#### [Work required]
Output each line of the listing exactly, though pictures are not to appear.

#### [Information provided]
++++++++++
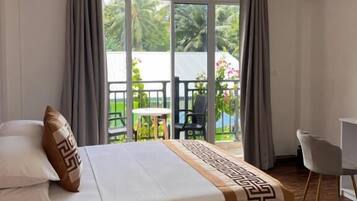 Deluxe Double Room, Balcony, Ocean View | Desk, laptop workspace, free WiFi
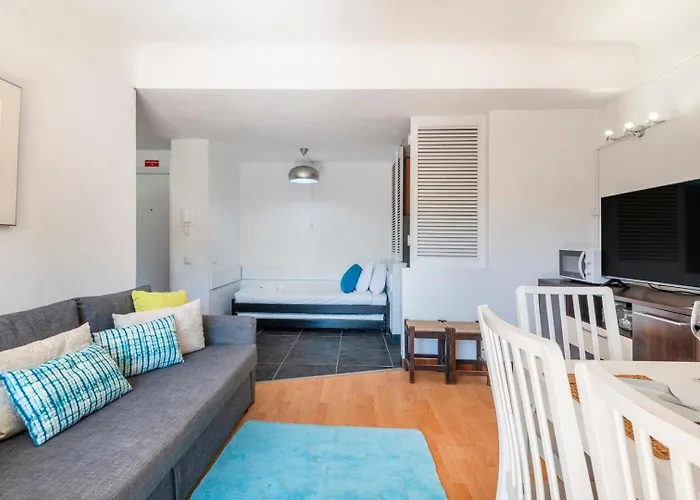 1br With Pool @ Azul Apartament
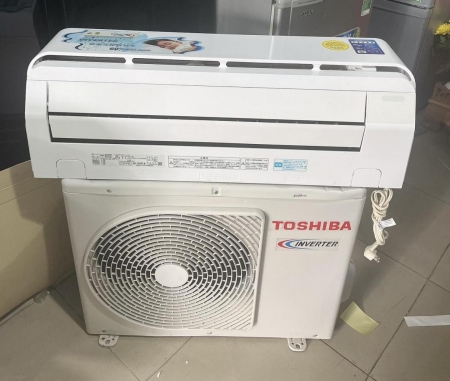 Máy lạnh nội địa Toshiba inverter 1hp tiết kiệm điện gas R32 mới 95%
++++++++++
#### [Written reply]
 Deluxe Double Room, Balcony, Ocean View | Desk, laptop workspace, free WiFi
 1br With Pool @ Azul Apartament
 Máy lạnh nội địa Toshiba inverter 1hp tiết kiệm điện gas R32 mới 95%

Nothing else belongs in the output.